Southern Grouts & Mortars sells swimming pool finishes under the trademark DIAMOND BRITE. It wants to use the domain name, but 3M Company (who competes with Southern Grout) owns the domain. You see, 3M had the mark DIAMOND BRITE registered in connection with "electronically controlled display panels and signs." 3M let those rights lapse, but kept the domain name. 3M has kept the website empty at and plans to keep it that way. What to do?

Southern sued 3M under the Anticybersquatting Consumer Protection Act (15 U.S.C. § 1125(d)), which provides a cause of action for a trademark owner against a person who "has a bad faith intent to profit from that mark" and who "registers, traffics in, or uses a domain name that" is identical or confusingly similar.

"Unique Circumstances" showing 'bad faith intent to profit?'

Southern first argued that 2 unique circumstances showed 3M's bad faith intent to profit: (1) 3M could use website traffic data for visits to the domain to determine competitive information; and (2) 3M kept the domain only to keep others from using it. The district court rejected the first reason because the expert's report was not reliable. As for the second reason, simply refusing to sell a domain did not show an "intent to profit." The Eleventh Circuit agreed.

ACPA Factors

The ACPA provides 9 factors that courts may consider in determining bad faith intent. See 15 U.S.C. § 1125(d)(1)(B)(i). They broke down as follows: 5 favored 3M, 2 favored Southern, and the other 2 were inapplicable. The court then noted that its "analysis of whether a defendant had the bad faith intent to profit necessary to a cybersquatting claim is not based on a score card of the statutory factors." The Eleventh Circuit agreed that Southern had failed to show a bad faith intent to profit, and affirmed the district court's entry of summary judgment in 3M's favor.

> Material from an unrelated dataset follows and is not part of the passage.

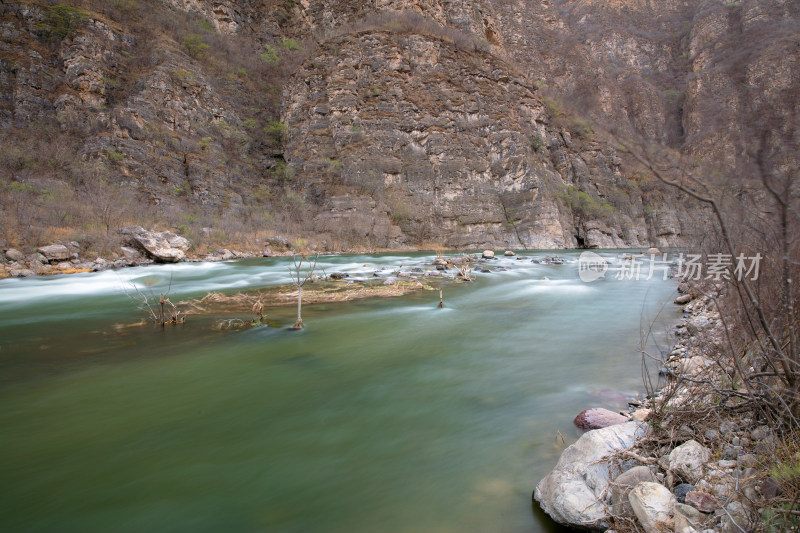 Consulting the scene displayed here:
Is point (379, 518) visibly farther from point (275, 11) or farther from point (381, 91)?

Unfair Competition Under the Lanham Act

Finally, Southern sought to impose liability against 3M for unfair competition. Problem is, there was no evidence that 3M had used the mark in commerce. Southern argued, in part, that 3M bought a Google Adword for "diamond brite," and that purchase was a use in commerce. The 11th Circuit noted that it has not yet been decided in this Circuit whether or not the purchase of a Google Adword is a use in commerce. And this case was not the case to change that, because Southern had not properly pleaded the allegation.